I would usually eat 4 or 5 of the meat filled crêpes and I’d probably have another 2 of the sweet ones as dessert but this time I had two of the meat filled ones (610 calories) and one of the cheese filled dessert ones (264 calories). I also ate a good amount of steamed veggies to go with it and fill me up. So the crêpes did me in when you combined it with some heavy lunch from Panera Bread. I just couldn’t resist the thin crust over the minced meat and the creamy sweet filling for dessert.

But to prove that all this can be done in a moderated fashion I had leftovers of the crêpes today. Two meat filled ones with steamed broccoli and cauliflower as sides for lunch and one with the cheese filling for dessert after my shrimp with rice and veggies dinner.

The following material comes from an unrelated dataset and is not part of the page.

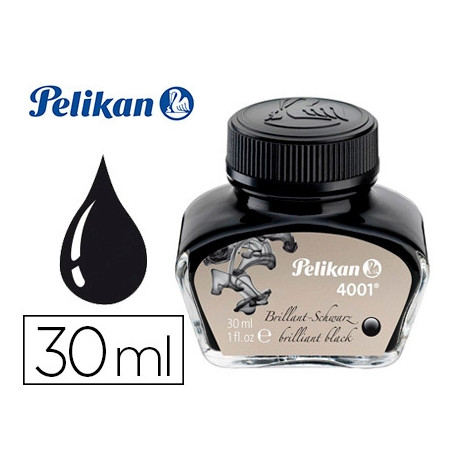 TINTA ESTILOGRAFICA PELIKAN 4001 NEGRO BRILLANTE BOTE 30 ML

And today I only had 1,803 calories even though I had the same three crêpes as yesterday. The difference was the low cal dinner of shrimp with moderate portion of rice and the lighter breakfast of yogurt and nuts instead of the eggs and toast. So I think I got the crêpe craving out of my system for at least another 4 months. As for my son, he had one of the meat filled ones yesterday for dinner and one of the cheese filled ones today and yesterday for dessert. I’m just glad he liked the meat filled one too.